At minimum, the far right appears to be tapping into unhappiness over deepening European integration, including increasingly open borders and the introduction this year of a common currency in France and 11 other countries.

Alarmed by Le Pen's second-place finish in the first round of the French presidential election Sunday, politicians across Europe cast the outcome as a wake-up call for mainstream parties and leaders to defend democracy against demagogues and opportunists.

Although Le Pen, who once dismissed Nazi gas chambers as "a minor detail in the history of World War II," is likely to be routed by incumbent President Jacques Chirac in the May 5 runoff, far-right figures have triumphed elsewhere in Europe.

The xenophobic Freedom Party shares power in Austria, even though its charismatic leader, Joerg Haider, has stepped down. In Denmark, voter disaffection with left-of-center rule was galvanized by the strong anti-immigration platform of the Danish People's Party, which also sits in government.

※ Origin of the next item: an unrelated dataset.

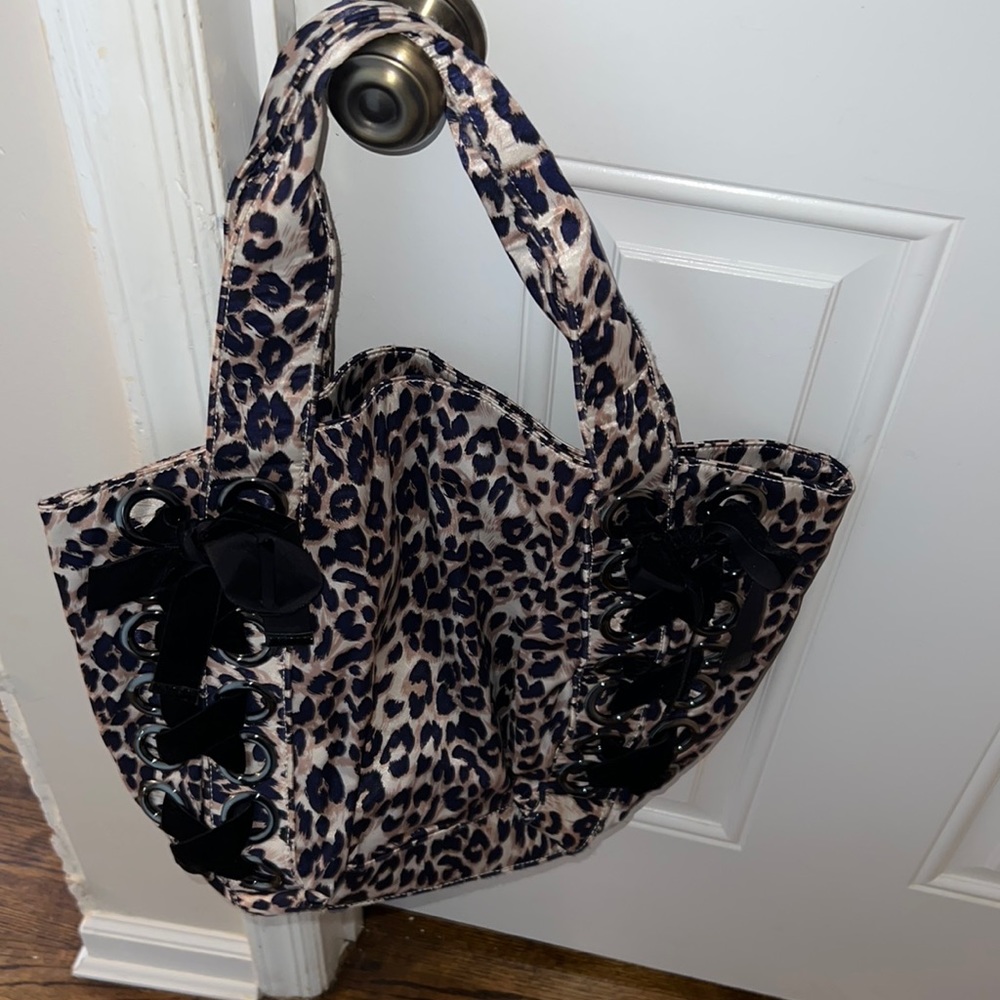 Beautiful new leopard silk tote with velvet ties and snap closure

Italian Prime Minister Silvio Berlusconi, a media magnate and no friend of the left, governs the country with the support of the right-wing National Alliance and Northern League.

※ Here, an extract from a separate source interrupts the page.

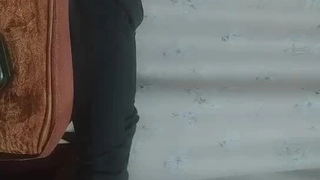 超級騷顏值女神！性感美腿極度誘惑！美腿絲襪搔首弄姿，懟著鏡頭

Mindful of the failed attempts at sanctioning Austrians for allowing Haider's party into government in 2000, most European leaders were restrained in their reactions to the news from France.

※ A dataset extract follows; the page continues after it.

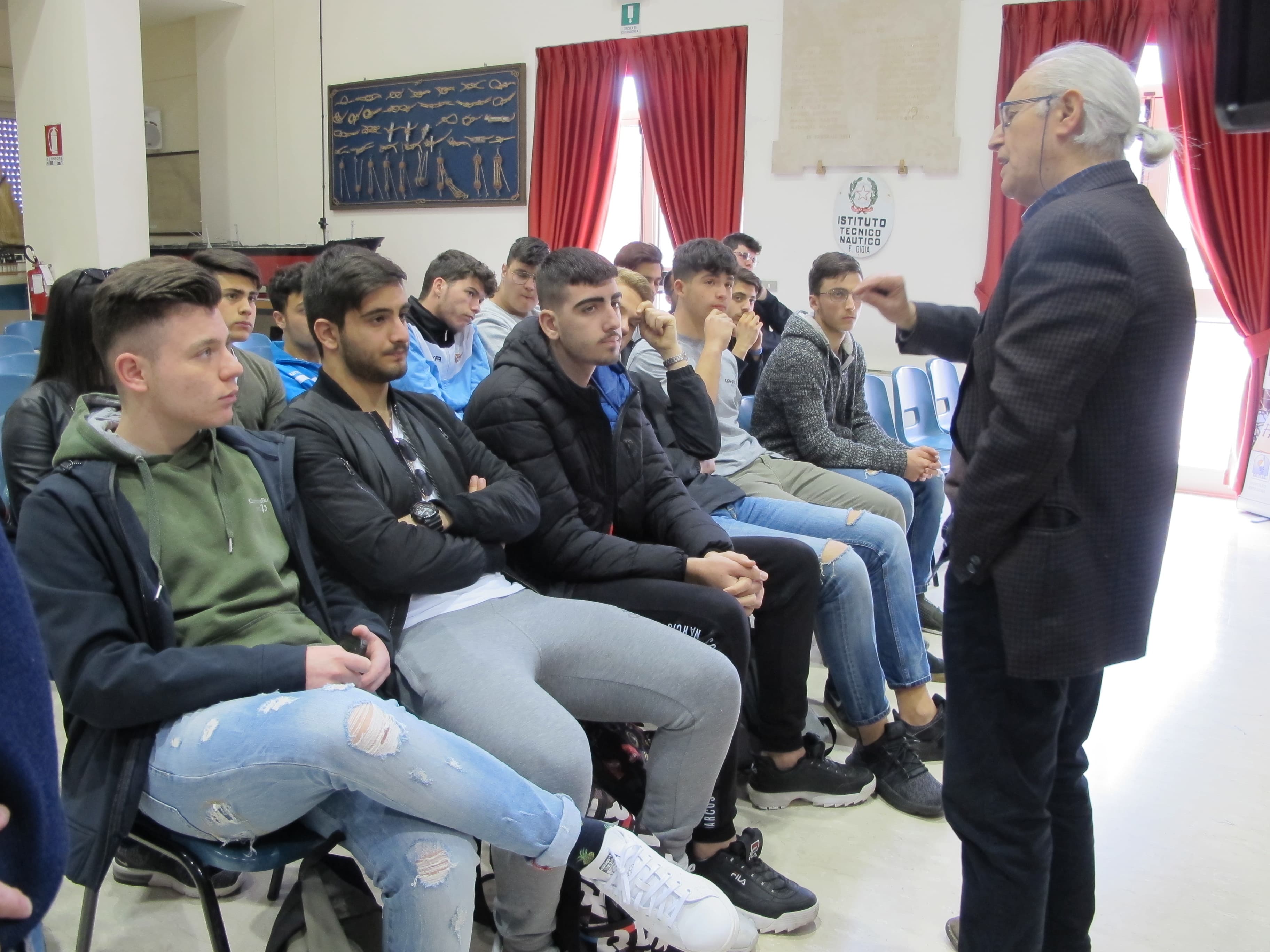 Lo sportello antiusura Gaeta-Itri in classe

A spokesman for British Prime Minister Tony Blair said Le Pen's besting of Socialist Prime Minister Lionel Jospin was "very sad," adding that in the runoff election, "we trust the French people to reject extremism of any kind."

"I hope that all democratic powers will unite against right-wing extremism and xenophobia," Sweden's Social Democratic Prime Minister Goran Persson said.

German Chancellor Gerhard Schroeder said: "It's very regrettable that the extreme right has become so strong in France."

Though widely lamenting Le Pen's success, many European analysts blame the mainstream candidates--Chirac and Jospin--for failing to address voters' worries and allowing Le Pen to set the agenda.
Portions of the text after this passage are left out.